5. 編曲印税(アレンジ印税)はどのようなものですか

編曲印税は、印税の中でも実務上の取り扱いと、法律上の取り扱いが異なる典型の例です。法律上は、著作権の分類に入る権利ですが、実務上、著作権印税として分配されている編曲印税は僅かです。これは、いままで作詞作曲家の権利を守るために、権利者団体を含めアレンジャーに対して著作権の権利を認めなかったことに起因しています。そのため、実務上は、アレンジャーに対しては、プロデュース印税と称して、原盤権者が自分の取り分の中から印税を支払っているパターンが大多数です。

6. アレンジャーの権利以外に法律上と実務上の違いがあるものはありますか

出版権があります。
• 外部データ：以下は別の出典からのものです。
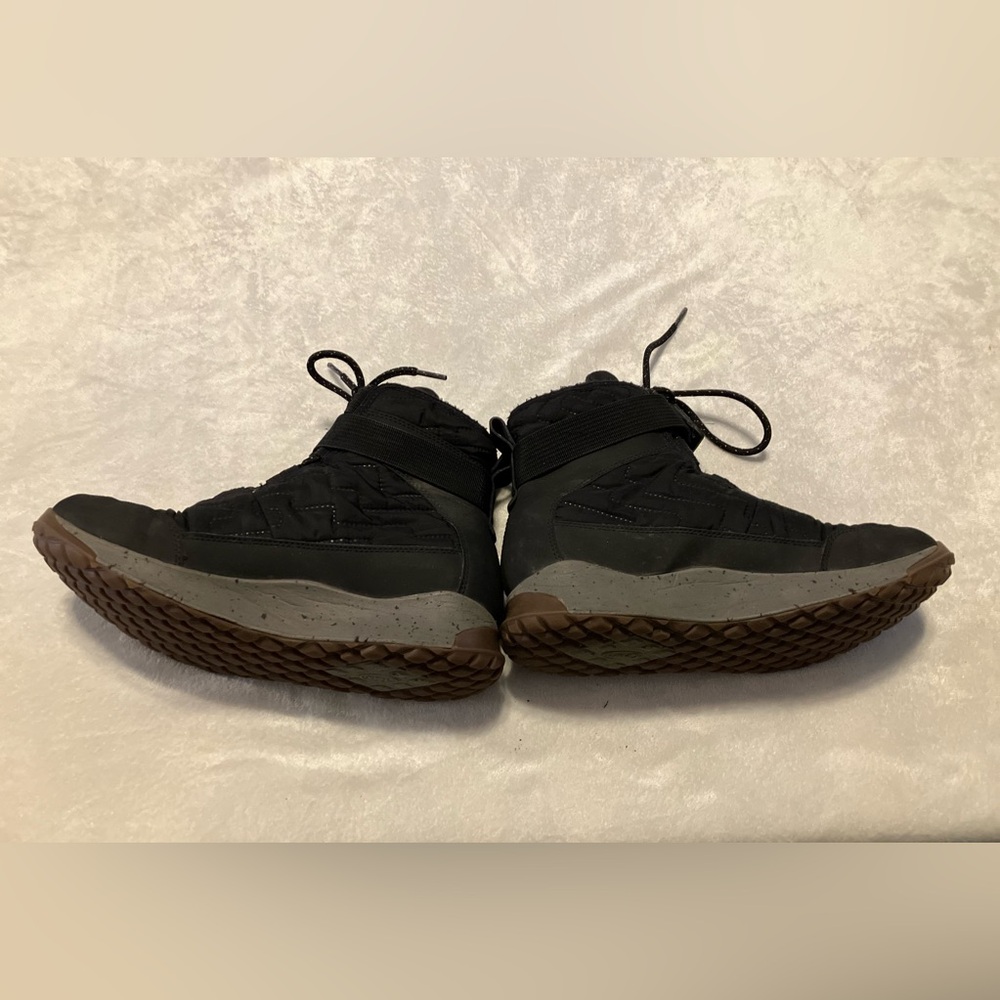 Chaco boots - Picture 3 of 5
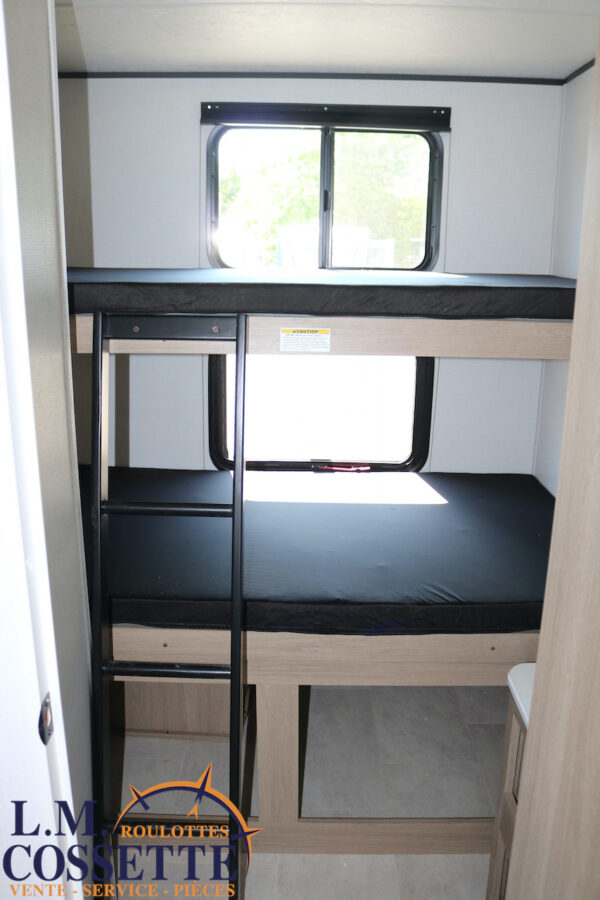 Aspen Trail 29 TB 2026-LM Cossette inc. vr-roulotte-fifth wheel-cargo-arctic wolf -Remote-Clipper-cherokee-grey wolf-wolf pup-kodiak cub-aspen trail-dutchmen-forest river-freedom express select-coachmen-apex nano -Trois-Rivières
法律上は、著作権法(79条~)に定める出版権があり、これは書籍の発行に関して独占的に出版できる権利ですが、音楽業界では、出版権と言った場合はまったく異なる意味となります。音楽出版社が所有する作詞作曲の著作権のことを、出版権と言います。これは、作家から音楽出版社が著作権の譲渡を受けてそれを管理しプロモーションを行い、CMタイアップを取ったり、ドラマと連動させたり販促活動をするのが音楽出版社です。

7. 契約書を見ているとレコードという用語が使われていますが古くないですか

実務的には死語となったレコード盤、1980年代にコンパクトデスクが商品化されてからは衰退の一途をたどったレコード盤です。ではなぜレコード会社とか契約書上レコードという用語がつかわれているか?それは、著作権法にレコードという用語が定義され、法律用語になっていることが大きいのです。著作権法では「蓄音機用音盤、録音テープその他の物に音を固定したもの」と定義されています。つまり法律用語では「音を固定したもの」がレコードですから、みなさんが考えているレコード盤とは違うことがわかります。法律ではレコード盤のことを蓄音機用音盤と言っています。法律が古いためこのような用語ですが、レコードはその原語と同じ「記録」の意味で使われていますから、古いわけではありません。